By: Yuvraj Singh - June 20, 2020

 

Discussions to this article

 

Sir,

The Supreme court in SLP :

UNION OF INDIA VERSUS BRAND EQUITY TREATIES LIMITED 2020 (6) TMI 517 - SC ORDER has ordered on 19.6.2020, as under;

“To be heard along with SLP(C) No. 26626 of 2019 and SLP (C) D. No. 38404 of 2019. In the meantime, the operation of the impugned order (Delhi HC in BRAND EQUITY TREATIES LIMITED = 2020 (5) TMI 171 - DELHI HIGH COURT) shall remain stayed.”

As such final decision of the Supreme court is to be seen in the light of earlier ratio decidendi of Supreme court.

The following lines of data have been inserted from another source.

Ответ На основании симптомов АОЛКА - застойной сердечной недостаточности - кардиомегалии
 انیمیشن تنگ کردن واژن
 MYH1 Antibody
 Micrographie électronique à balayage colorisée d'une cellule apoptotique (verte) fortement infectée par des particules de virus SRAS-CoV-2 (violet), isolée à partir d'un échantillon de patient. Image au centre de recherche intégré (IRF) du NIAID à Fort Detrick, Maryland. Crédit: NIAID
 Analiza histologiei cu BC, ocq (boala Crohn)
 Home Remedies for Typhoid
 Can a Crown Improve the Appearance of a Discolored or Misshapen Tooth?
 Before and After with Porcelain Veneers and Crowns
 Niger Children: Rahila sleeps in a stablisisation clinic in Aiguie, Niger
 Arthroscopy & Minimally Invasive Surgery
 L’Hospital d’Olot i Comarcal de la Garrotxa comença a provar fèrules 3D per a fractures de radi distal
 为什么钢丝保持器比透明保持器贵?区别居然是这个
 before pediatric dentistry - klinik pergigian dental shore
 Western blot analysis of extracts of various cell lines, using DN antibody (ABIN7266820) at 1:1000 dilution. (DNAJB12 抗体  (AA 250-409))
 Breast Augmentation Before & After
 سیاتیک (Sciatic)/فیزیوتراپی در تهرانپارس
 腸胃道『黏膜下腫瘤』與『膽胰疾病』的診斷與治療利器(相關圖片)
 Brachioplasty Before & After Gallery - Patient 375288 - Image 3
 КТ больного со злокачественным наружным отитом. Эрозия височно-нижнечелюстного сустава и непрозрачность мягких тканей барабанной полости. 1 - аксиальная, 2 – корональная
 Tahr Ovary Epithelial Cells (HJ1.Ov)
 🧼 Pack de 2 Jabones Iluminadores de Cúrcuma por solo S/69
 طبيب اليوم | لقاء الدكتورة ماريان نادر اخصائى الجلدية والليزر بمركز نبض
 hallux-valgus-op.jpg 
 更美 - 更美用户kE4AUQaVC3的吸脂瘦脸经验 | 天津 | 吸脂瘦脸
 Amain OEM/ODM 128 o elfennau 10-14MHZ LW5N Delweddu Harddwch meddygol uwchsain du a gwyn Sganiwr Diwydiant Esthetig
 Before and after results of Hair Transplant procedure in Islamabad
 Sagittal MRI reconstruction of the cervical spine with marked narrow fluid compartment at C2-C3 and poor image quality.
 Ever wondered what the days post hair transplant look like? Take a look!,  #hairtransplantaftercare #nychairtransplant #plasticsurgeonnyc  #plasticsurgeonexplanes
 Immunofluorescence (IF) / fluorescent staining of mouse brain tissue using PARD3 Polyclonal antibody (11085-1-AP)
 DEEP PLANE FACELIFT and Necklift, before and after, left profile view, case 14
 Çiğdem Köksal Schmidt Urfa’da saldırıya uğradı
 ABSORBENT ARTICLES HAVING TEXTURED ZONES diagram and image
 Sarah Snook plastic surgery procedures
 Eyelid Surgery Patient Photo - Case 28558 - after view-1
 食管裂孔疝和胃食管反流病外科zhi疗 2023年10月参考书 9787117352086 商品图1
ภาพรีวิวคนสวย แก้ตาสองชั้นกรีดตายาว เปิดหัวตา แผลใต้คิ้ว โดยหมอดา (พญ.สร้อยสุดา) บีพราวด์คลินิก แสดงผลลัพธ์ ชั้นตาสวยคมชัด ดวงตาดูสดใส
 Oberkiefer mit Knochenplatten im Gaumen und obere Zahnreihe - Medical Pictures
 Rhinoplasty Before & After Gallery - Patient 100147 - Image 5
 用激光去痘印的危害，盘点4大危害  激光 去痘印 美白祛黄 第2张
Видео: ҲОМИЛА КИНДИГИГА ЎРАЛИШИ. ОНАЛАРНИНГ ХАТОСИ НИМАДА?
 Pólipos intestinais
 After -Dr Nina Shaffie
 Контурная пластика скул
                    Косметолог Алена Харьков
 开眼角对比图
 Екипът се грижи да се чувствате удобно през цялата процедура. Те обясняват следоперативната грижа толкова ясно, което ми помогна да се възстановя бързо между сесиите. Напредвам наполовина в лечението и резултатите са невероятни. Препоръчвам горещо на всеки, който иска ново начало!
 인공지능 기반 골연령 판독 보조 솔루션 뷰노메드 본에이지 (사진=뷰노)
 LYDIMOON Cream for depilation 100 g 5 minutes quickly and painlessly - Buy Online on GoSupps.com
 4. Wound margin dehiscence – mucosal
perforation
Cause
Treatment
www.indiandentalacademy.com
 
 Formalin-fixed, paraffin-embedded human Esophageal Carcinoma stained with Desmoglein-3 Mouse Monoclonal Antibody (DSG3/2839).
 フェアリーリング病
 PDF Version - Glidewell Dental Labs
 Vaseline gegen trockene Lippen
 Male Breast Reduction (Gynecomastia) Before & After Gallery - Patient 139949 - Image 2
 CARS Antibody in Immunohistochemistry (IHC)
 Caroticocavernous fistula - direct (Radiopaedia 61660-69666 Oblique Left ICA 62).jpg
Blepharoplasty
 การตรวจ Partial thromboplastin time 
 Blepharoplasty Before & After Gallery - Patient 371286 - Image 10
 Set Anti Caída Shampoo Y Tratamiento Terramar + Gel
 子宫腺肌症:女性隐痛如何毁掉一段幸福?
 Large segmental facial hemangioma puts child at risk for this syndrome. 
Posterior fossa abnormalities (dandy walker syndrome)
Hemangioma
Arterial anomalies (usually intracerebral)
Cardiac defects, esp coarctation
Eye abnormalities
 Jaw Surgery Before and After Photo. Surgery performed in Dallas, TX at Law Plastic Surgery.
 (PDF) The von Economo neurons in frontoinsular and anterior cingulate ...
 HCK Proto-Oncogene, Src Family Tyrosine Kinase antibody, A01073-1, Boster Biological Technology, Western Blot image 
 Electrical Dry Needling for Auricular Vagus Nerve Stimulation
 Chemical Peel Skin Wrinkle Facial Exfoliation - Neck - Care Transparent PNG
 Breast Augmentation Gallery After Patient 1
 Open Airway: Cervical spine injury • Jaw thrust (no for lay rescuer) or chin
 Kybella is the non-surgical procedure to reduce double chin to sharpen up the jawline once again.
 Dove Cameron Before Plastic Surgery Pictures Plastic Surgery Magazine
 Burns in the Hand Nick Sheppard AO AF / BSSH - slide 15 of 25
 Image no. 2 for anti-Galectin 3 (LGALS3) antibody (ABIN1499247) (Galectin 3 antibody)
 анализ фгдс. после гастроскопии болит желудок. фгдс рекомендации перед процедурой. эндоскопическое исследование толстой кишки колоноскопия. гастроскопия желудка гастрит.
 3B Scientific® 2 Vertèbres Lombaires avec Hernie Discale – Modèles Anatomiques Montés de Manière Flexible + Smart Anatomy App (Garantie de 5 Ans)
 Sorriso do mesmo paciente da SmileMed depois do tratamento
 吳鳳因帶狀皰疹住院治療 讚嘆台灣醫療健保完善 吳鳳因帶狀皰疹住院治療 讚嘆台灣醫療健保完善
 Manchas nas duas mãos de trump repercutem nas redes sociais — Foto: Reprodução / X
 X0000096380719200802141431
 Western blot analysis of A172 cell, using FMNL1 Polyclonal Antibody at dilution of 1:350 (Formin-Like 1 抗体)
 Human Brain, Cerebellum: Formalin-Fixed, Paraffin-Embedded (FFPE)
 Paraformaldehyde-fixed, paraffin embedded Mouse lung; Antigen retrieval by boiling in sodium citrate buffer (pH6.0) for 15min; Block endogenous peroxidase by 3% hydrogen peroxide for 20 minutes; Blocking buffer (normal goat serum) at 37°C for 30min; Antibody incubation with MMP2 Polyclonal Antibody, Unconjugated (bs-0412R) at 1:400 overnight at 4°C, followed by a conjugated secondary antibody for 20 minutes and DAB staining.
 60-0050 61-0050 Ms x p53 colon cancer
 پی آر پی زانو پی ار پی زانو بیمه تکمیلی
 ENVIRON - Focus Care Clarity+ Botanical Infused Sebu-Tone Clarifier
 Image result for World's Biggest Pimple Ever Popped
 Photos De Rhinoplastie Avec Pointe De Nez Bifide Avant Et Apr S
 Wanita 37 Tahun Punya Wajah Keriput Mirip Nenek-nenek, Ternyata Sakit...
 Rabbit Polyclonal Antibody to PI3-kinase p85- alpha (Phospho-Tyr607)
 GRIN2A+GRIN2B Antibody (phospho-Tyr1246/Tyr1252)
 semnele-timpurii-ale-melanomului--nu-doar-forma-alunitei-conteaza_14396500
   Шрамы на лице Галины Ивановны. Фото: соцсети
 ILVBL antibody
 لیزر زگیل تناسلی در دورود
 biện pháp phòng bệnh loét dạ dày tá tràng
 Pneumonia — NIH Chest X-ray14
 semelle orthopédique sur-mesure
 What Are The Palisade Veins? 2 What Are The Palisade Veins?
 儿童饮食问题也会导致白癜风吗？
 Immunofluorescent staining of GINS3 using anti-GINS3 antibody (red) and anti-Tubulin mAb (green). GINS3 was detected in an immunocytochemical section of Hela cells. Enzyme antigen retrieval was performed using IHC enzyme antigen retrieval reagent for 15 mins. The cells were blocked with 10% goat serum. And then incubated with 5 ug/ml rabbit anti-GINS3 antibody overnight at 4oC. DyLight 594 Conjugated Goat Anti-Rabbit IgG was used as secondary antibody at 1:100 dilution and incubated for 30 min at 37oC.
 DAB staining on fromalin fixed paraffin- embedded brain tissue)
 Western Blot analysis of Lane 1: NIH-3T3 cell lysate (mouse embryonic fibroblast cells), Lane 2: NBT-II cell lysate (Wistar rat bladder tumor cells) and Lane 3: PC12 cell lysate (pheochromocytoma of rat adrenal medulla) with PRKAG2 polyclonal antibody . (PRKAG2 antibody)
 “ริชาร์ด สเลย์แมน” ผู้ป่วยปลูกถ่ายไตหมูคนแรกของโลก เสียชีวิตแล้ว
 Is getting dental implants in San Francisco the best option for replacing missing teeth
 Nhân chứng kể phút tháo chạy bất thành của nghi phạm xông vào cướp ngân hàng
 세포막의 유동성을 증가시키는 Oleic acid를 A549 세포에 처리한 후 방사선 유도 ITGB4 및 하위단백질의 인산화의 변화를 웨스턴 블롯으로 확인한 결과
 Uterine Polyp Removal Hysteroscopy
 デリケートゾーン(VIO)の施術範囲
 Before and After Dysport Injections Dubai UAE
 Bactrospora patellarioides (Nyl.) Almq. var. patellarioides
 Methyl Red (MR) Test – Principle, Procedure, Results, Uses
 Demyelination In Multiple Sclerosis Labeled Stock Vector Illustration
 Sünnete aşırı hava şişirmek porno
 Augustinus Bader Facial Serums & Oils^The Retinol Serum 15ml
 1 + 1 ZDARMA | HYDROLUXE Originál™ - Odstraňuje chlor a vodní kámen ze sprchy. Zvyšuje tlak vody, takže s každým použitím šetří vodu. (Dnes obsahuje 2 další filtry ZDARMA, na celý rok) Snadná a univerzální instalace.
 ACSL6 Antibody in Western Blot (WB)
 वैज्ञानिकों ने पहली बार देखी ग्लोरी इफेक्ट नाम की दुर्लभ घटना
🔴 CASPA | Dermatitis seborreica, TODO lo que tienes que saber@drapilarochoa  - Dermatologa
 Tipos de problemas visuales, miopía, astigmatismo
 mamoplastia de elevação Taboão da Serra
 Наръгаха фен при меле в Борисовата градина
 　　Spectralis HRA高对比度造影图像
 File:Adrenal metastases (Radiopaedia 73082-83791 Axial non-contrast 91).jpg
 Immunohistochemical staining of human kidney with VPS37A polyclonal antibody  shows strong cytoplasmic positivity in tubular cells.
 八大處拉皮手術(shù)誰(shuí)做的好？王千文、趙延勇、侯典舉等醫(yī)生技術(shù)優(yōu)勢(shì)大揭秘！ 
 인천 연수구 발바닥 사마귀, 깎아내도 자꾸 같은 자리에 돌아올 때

CA Om Prakash Jain, Jaipur, 9414300730, opjain02@yahoo.co.in

By: OmPrakash jain
Dated: 20/06/2020

@CA Om Prakash Jain,

Yes Sir, you have rightly said. Since the Brand Equity = 2020 (6) TMI 517 - SC ORDER judgment has been stayed by the Hon'ble Supreme Court, therefore, department would be denying the credit which is being claimed in the light of Brand Equity judgement and SKH Sheet Metals = 2020 (6) TMI 385 - DELHI HIGH COURT judgment. We must also consider a few SLPs filed which have been dismissed by the Supreme Court in which judgments of High Court decided on the ground that assessees could not produce evidence of attempting or facing technical glitches.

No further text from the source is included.